Data center REIT Digital Realty Trust (DLR) is up 36% over the past year, about in-line with the overall stock market, before accounting for its dividend. One trader sees shares pulling back over the coming weeks.
That’s based on the December 20 $170 puts. With 39 days until expiration, 8,417 contracts traded compared to a prior open interest of 191, for a 44-fold rise in volume on the trade. The buyer of the puts paid $2.10 to make the bearish bet.
Digital Realty last traded for about $178, meaning shares would need to drop by $8, or about 4.5%, for the option to move in-the-money.
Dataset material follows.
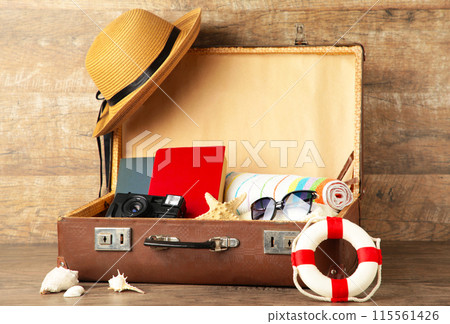 Vintage suitcase and beach accessories on brown background 115561426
Shares recently spiked to a 52-week high of $193.88 before they started to pull back. Filling the price gap would take the stock back to the $165 range.
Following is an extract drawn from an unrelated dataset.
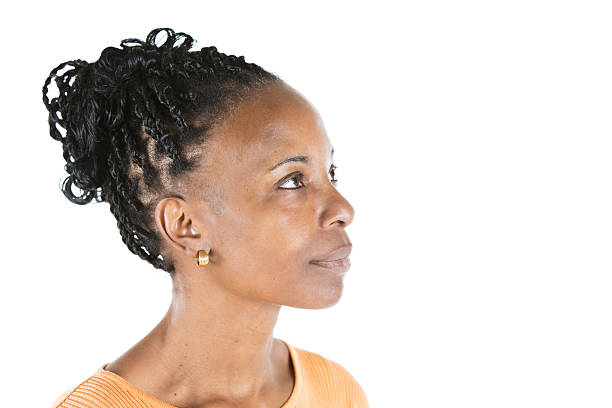 Profile of a Beautiful African American Woman In Her 50's Beautiful African American woman in her mid-50's turned profile to the camera and looking slightly up. braided hair photos stock pictures, royalty-free photos & images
Digital Realty is seen on a play on the growing demand for data centers to power AI. But the REIT’s performance has been sluggish, with revenues up by just 2% over the past year.
Action to take: While there’s a long-term uptrend, in the short-term the trend has been lower. Interested buyers can likely pick up shares in the mid $160 range, at the gap fill.
As a REIT, Digital Realty is structured to pay a 2.8% dividend.
For traders, the December 20 $170 puts are well positioned for shares to continue their short-term downtrend and look to fill the prior price gap higher. Traders can likely see mid-to-high double-digit returns.
Disclosure: The author of this article has no position in the company mentioned here, but may trade after the next 72 hours. The author receives no compensation from any company mentioned in this article.